Hmm... I am looking at the ctrl-c handler inside odbedit.

Yes, and the original bug report is against odbedit - press of ctrl-c in odbedit corrupts odb,
see stack trace in https://bitbucket.org/tmidas/midas/issues/99

So maybe only the odbedit ctrl-c handler is defective...

I will take a look at what the other ctrl-c handler does.

Safest is probably to call exit() without calling cm_disconnect_experiment().

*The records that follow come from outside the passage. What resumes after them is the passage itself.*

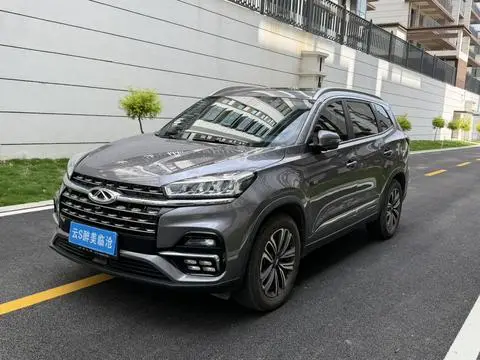 Chery 瑞虎8 2021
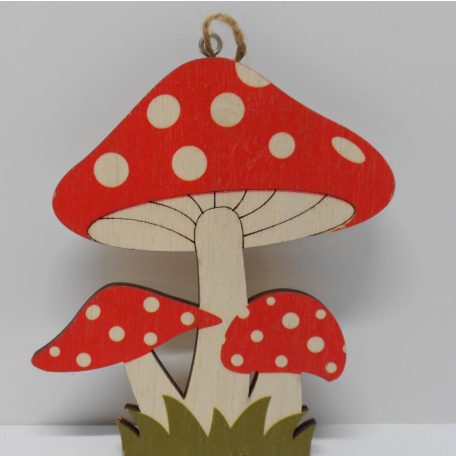 Dekor Gomba 22Cm. AT220123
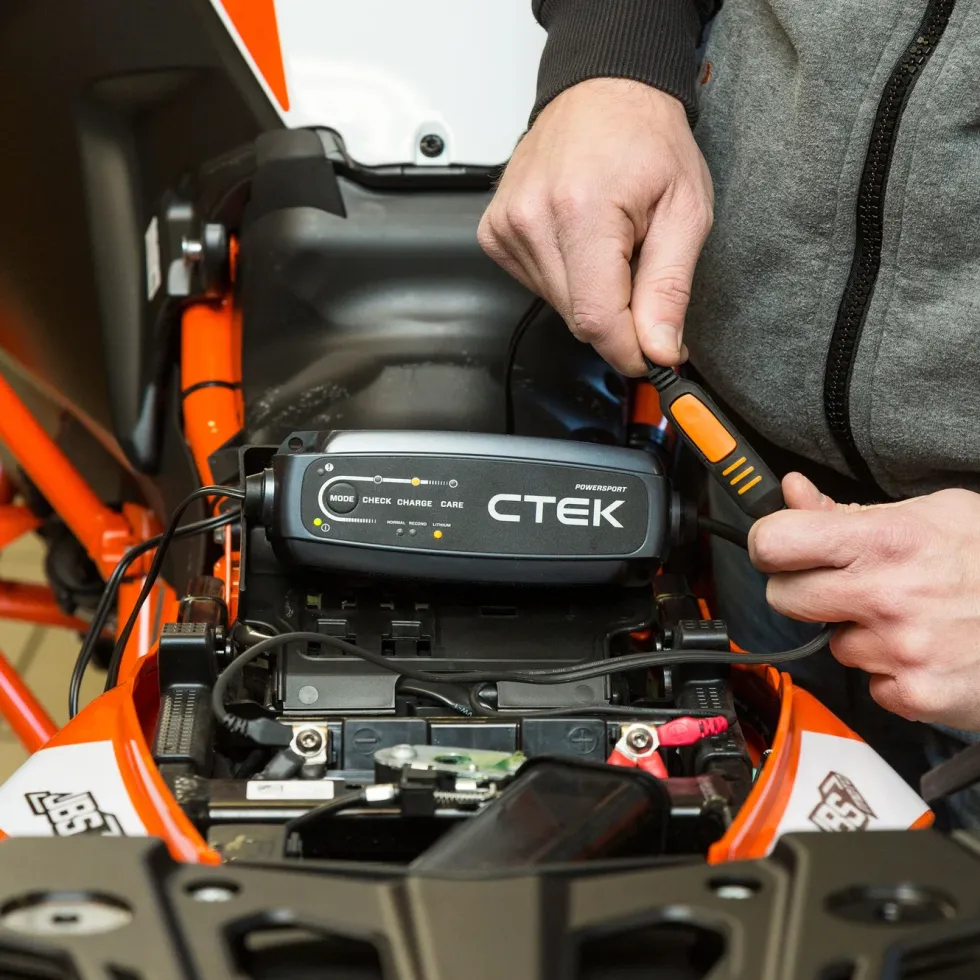 Ctek CT5 Powersport EU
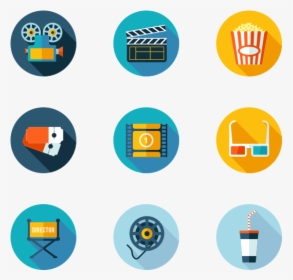 Essential Set - Distribution Flat Icon, HD Png Download, Transparent PNG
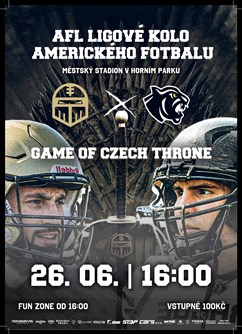 Znojmo Knights vs. Prague Black Panthers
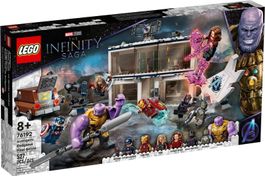 Lego Marvel 76192 Avengers NEU und OVP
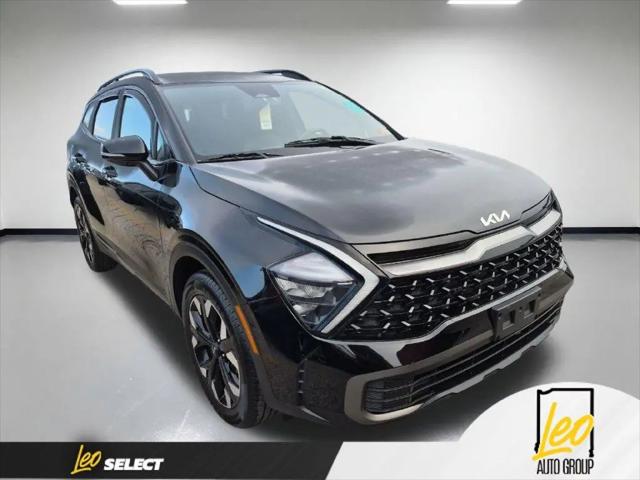 2023 Kia Sportage X-Line for sale in Indianapolis, IN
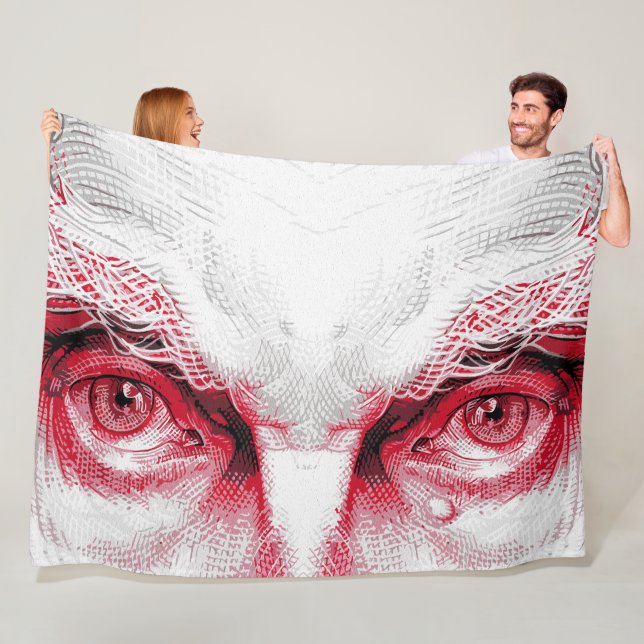 Couverture Polaire Yeux de l'ancien mal – Alerte rouge (En situation)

From the ctrl-c handler, if we call cm_disconnect_experiment() -
- if we hold odb locked, we deadlock (after I remove the recursive mutex) or corrupt odb (if we run form inside db_create or db_set_data).
- if we run from inside db_lock/unlock, we abort() (with my newly added protection) or explode (if we run from inside mprotect(), like in the stack strace in the bug report)

I would say, from a signal handler, only safe things are - set a flag, or abort()/exit().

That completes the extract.